“How many more things will you want before you get home, Olly, do you think?” asked his mother, kissing him. “Perhaps you’ll want to take home a few mountains, and two or three little rivers, and a bog or two, and a few sheep—eh, young man?”
By this time dinner was ready, and there was the dinner-bell ringing. Up ran the children to Aunt Emma’s room to get their hands washed and their hair brushed, and presently there were two tidy little folks sitting on either side of Aunt Emma’s chair, and thinking to themselves that they had never felt quite so hungry before. But hungry as Milly was she didn’t forget to look out of the window before she began her dinner, and it was worth while looking out of the window in Aunt Emma’s dining-room.

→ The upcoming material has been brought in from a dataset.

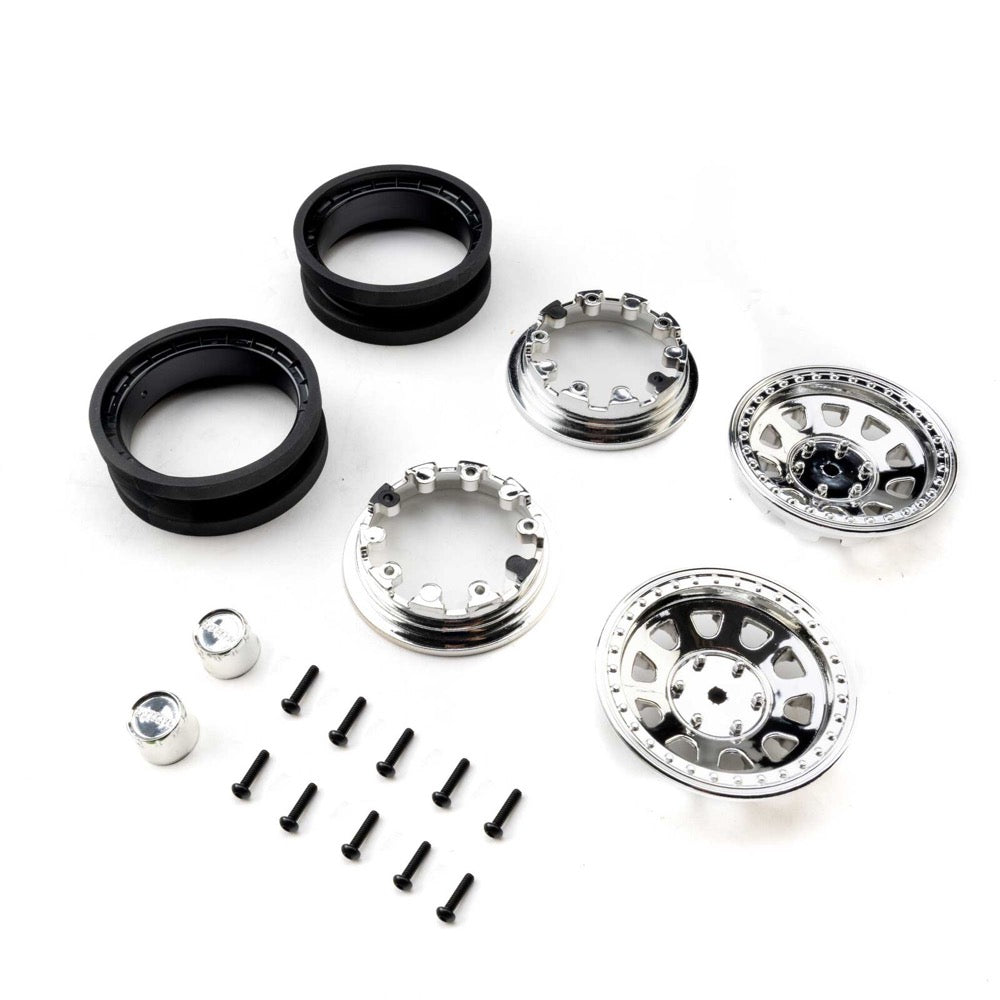 Axial 1.9 Raceline Daytona Beadlock Wheels Chrome 2pcs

Before the windows was a green lawn, like the lawn at Ravensnest, only this lawn went sloping away, away till there was just a little rim of white beach, and then beyond came the wide, dancing blue lake, that the children had seen from the top of the mountain. Here it was close to them, so close that Milly could hear the little waves plashing, through the open window.

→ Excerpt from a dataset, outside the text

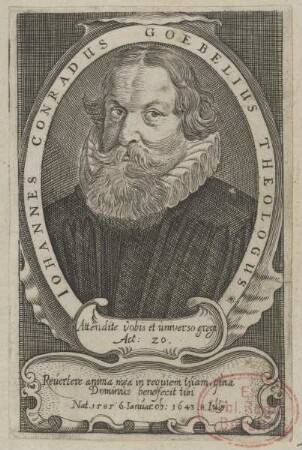 Bildnis des Iohannes Conradus Goebelius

“Milly,” whispered Aunt Emma when they were all waiting for pudding, “do you see that little house down there by the water’s edge? That’s where the boat lives—we call it a boathouse. Do you think you’ll be frightened of the water, little woman?”
“No, I don’t think so,” said Milly, shaking her little wise head gravely. “I am frightened sometimes, very. Mother calls me a little goose because I run away from Jenny sometimes—that’s our cow at home, Aunt Emma, but then she’s got such long horns, and I can’t help feeling afraid.”
“Well, the lake hasn’t got horns, Milly,” said Aunt Emma, laughing, “so perhaps you will manage not to be afraid of it.”
How kind and nice Aunt Emma looked as she sat between the children, with her pretty soft gray hair, and her white cap and large white collar. Mrs. Norton could not help thinking of the times when she was a little girl, and used always to insist on sitting by Aunt Emma at dinner-time. That was before Aunt Emma’s hair had turned gray. And now here were her own little children sitting where she used to sit at their age, and stealing their small hands into Aunt Emma’s lap as she used to do so long ago.
After dinner the children had to sit quiet in the drawing-room for a time, while Aunt Emma and father and mother talked; but they had picture-books to look at, and Aunt Emma gave them leave to turn out everything in one of the toy-drawers, and that kept them busy and happy for a long time. But at last, just when Olly was beginning to get tired of the drawer, Aunt Emma called to them from the other end of the room to come with her into the kitchen for a minute. Up jumped the children and ran after their aunt across the hall into the kitchen.
“Now, children,” said Aunt Emma, pointing to a big basket on the kitchen table, “suppose you help me to pack up our tea-things. Olly, you go and fetch the spoons, and, Milly, bring the plates one by one.”